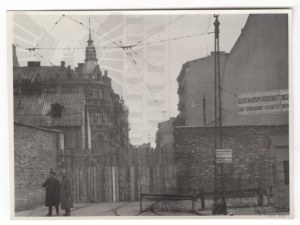 Occupation - The entrance to the Warsaw Ghetto on Solna Street, Photo.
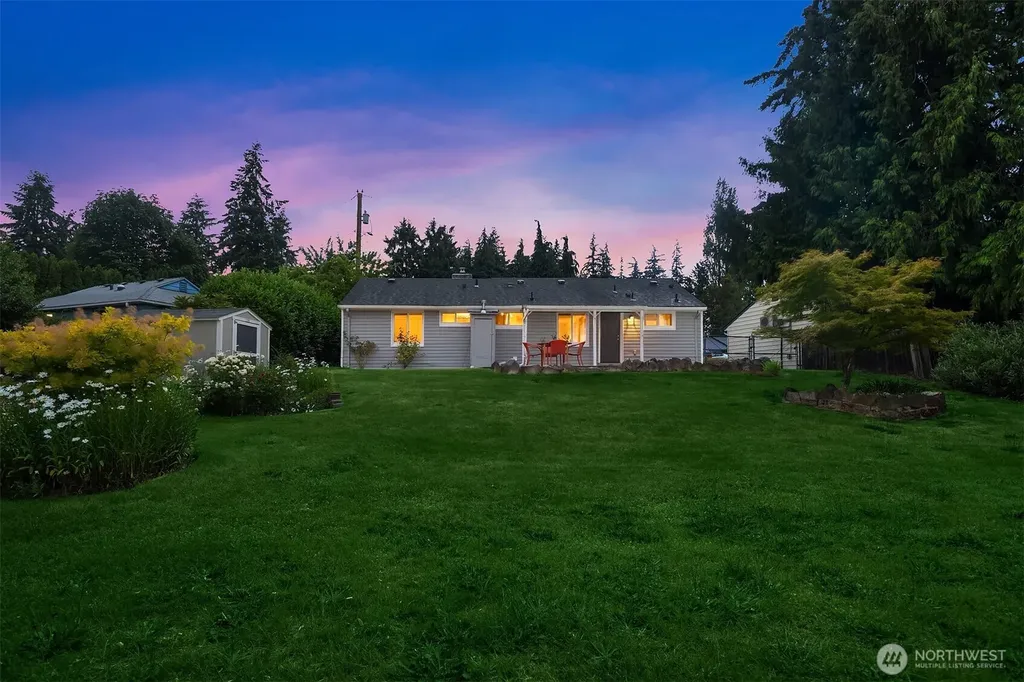 5702 239th Place SW Mountlake Terrace WA 98043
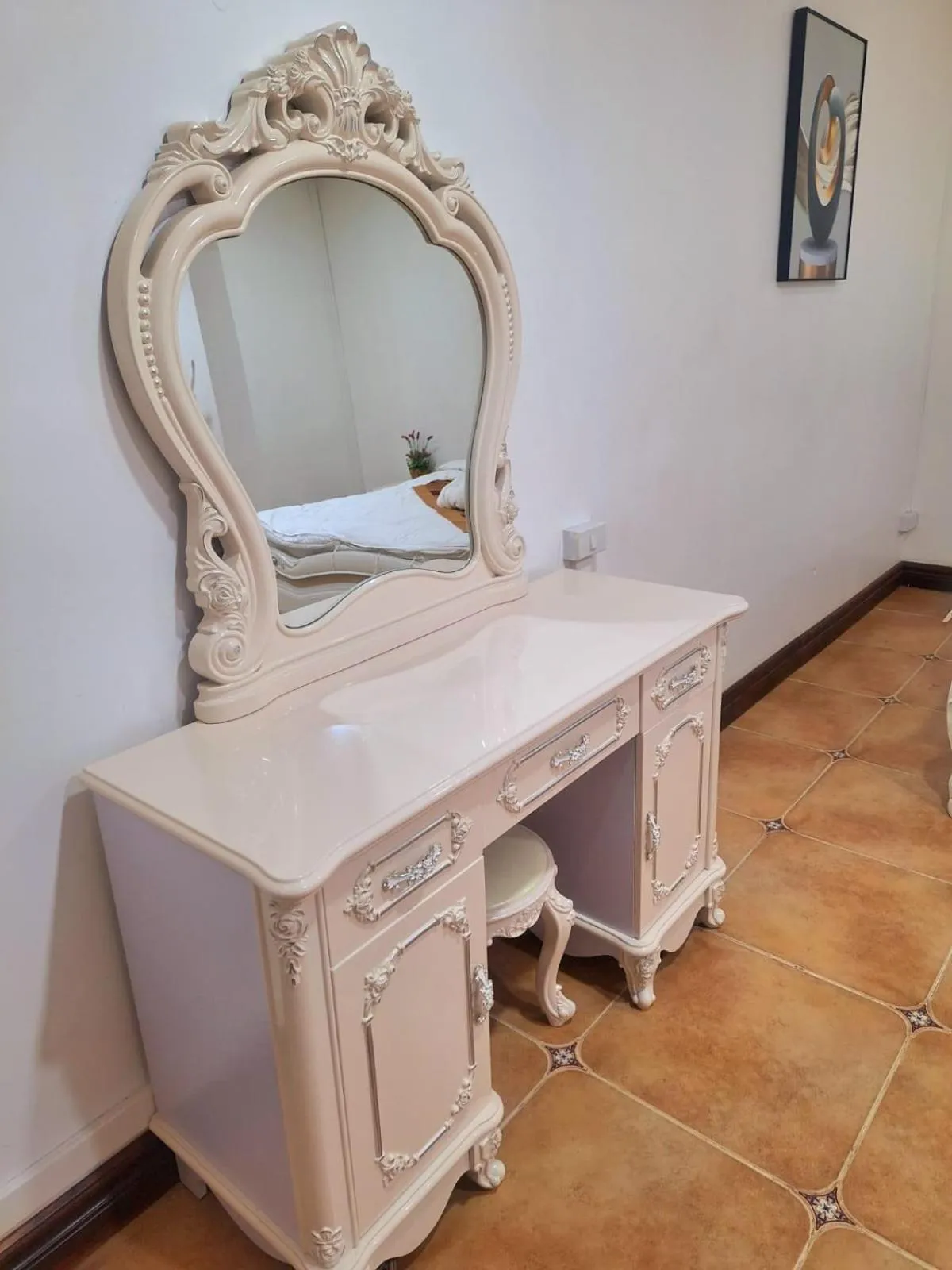 Decorative detail in Monsane villa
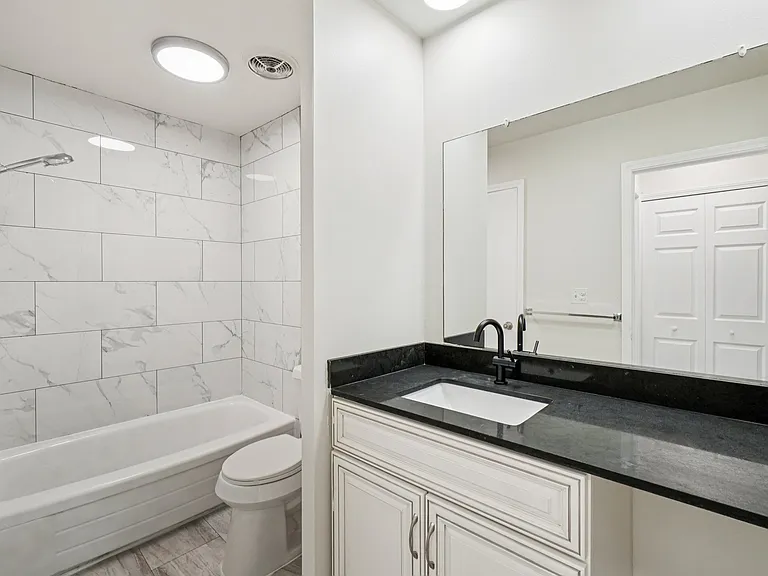 Ava Sterling Apartments — Photo 20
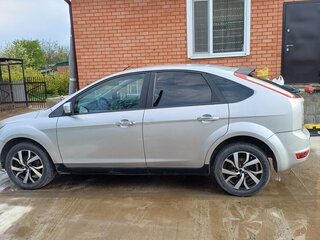 2008 Ford Focus II Рестайлинг, серебристый, 585000 рублей, вид 3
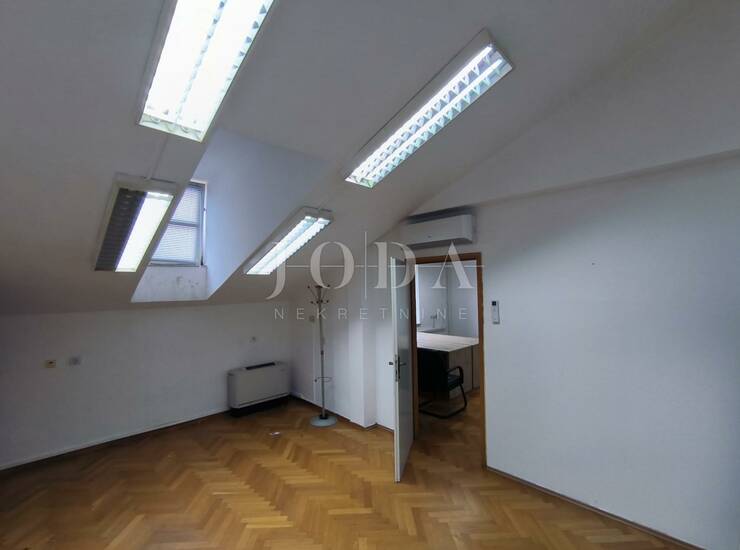 Poslovni prostori u centru Rijeke – 176 m² — fotografija 5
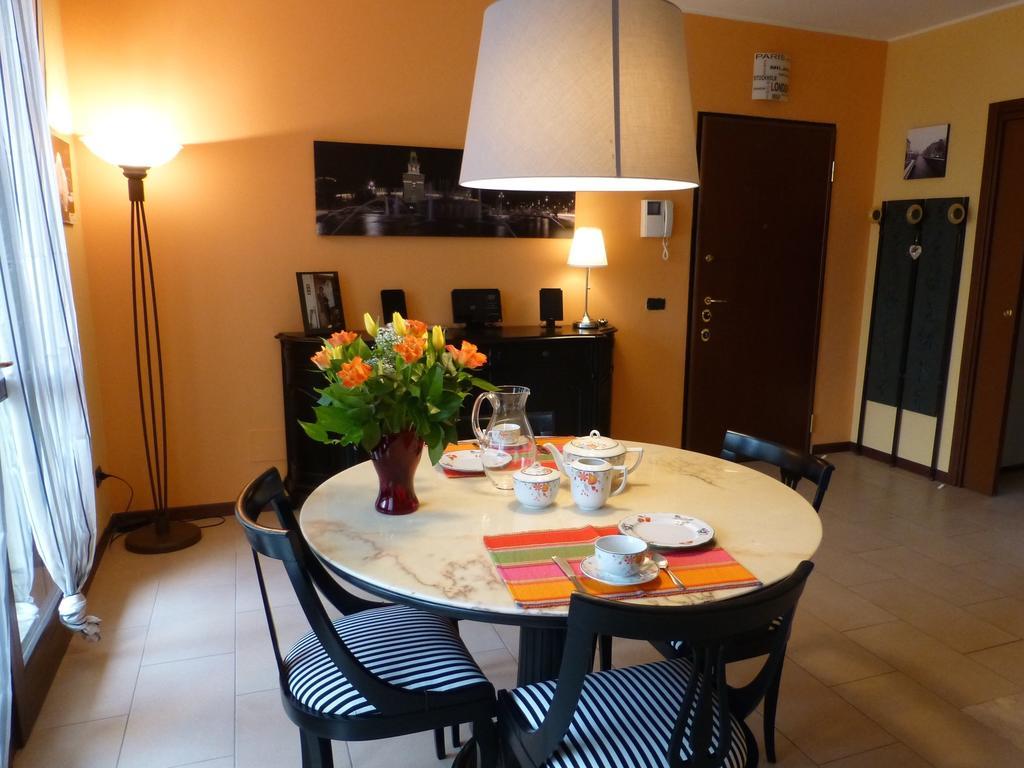 Rutilia22 Acomodação com café da manhã Milão Quarto foto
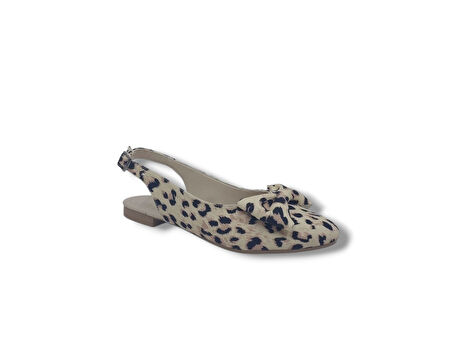 Zerhan 200 Kadın Ten Fiyonklu Leopar Desenli Arkası Açık Babet Ayakkabı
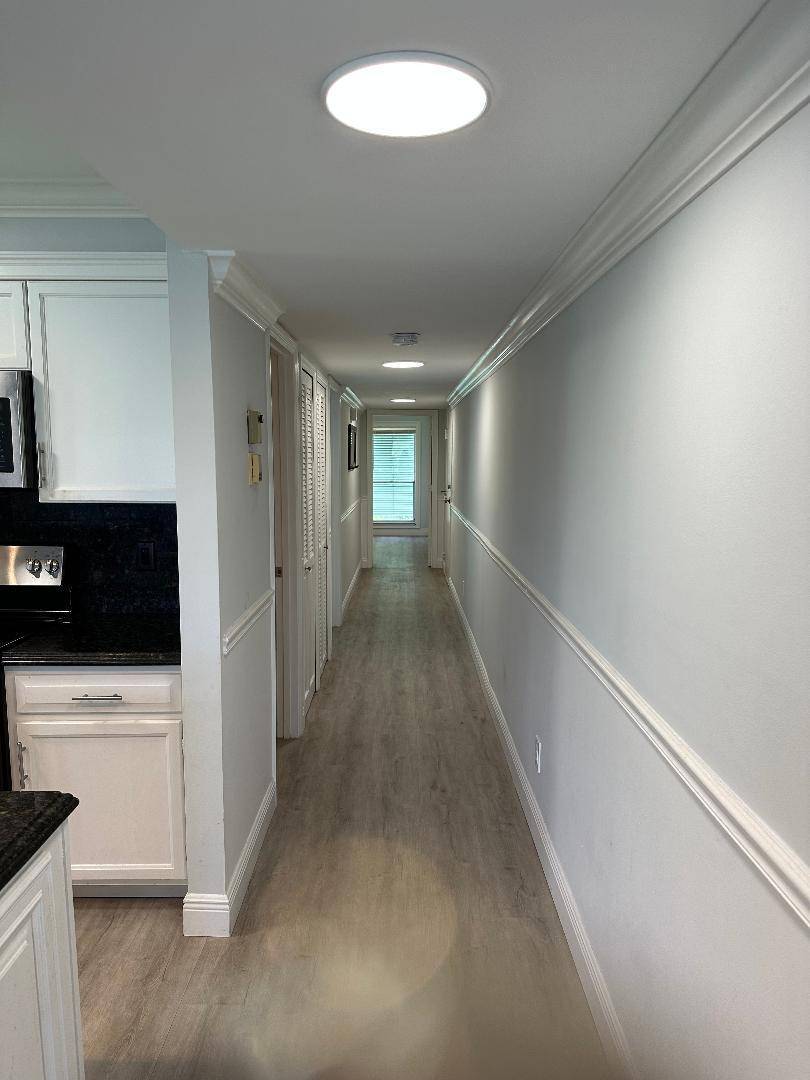 Palm Beach Gardens, FL 33418,290 Cypress Point DR 290
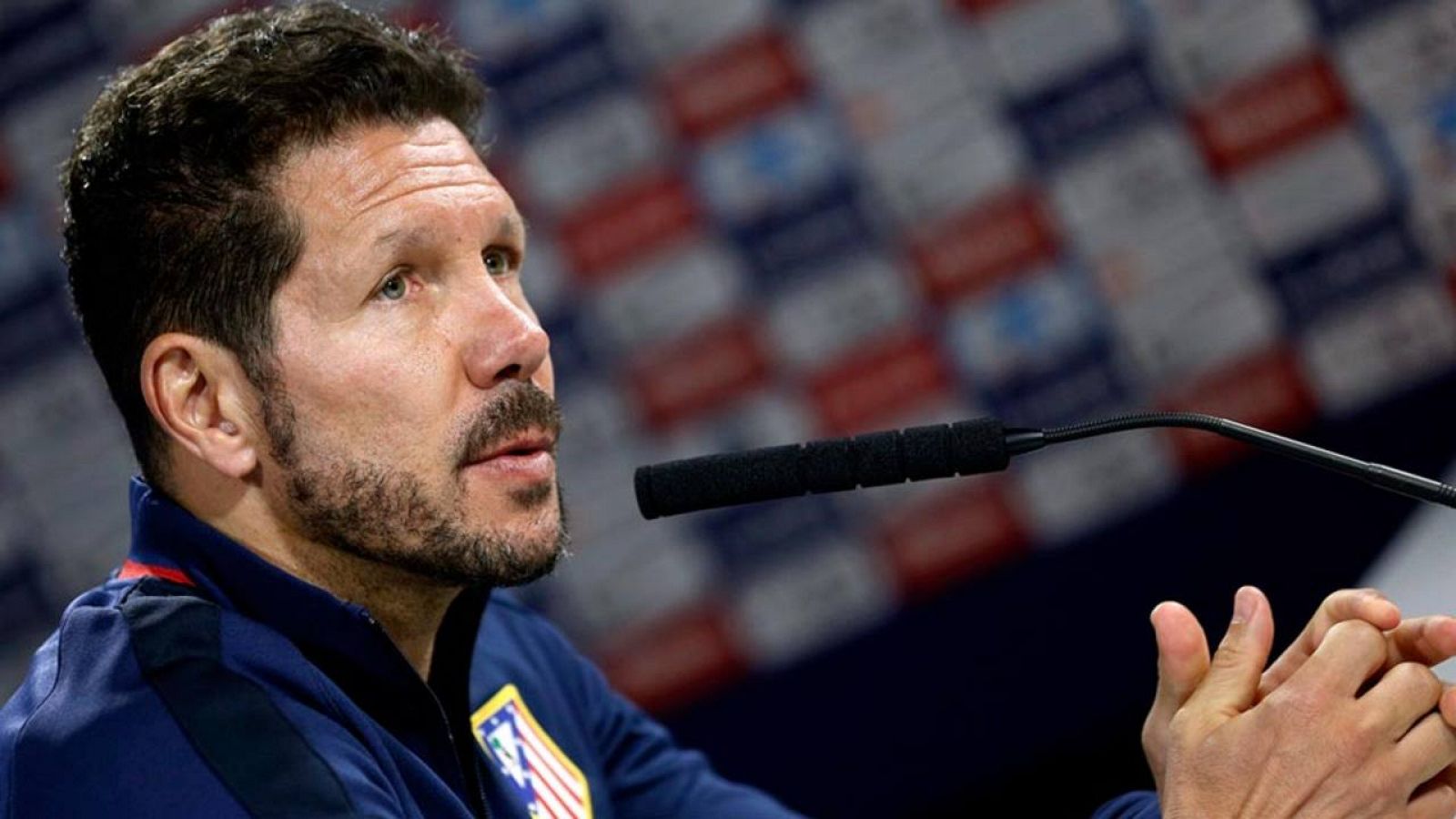 Simeone en rueda de prensa antes de recibir al Valencia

· · · · ·

* WORK TO BE COMPLETED:
Images in the records should not be copied. Repeat all the rest exactly.

* REPLY:
 Occupation - The entrance to the Warsaw Ghetto on Solna Street, Photo.
 5702 239th Place SW Mountlake Terrace WA 98043
 Decorative detail in Monsane villa
 Ava Sterling Apartments — Photo 20
 2008 Ford Focus II Рестайлинг, серебристый, 585000 рублей, вид 3
 Poslovni prostori u centru Rijeke – 176 m² — fotografija 5
 Rutilia22 Acomodação com café da manhã Milão Quarto foto
 Zerhan 200 Kadın Ten Fiyonklu Leopar Desenli Arkası Açık Babet Ayakkabı
 Palm Beach Gardens, FL 33418,290 Cypress Point DR 290
 Simeone en rueda de prensa antes de recibir al Valencia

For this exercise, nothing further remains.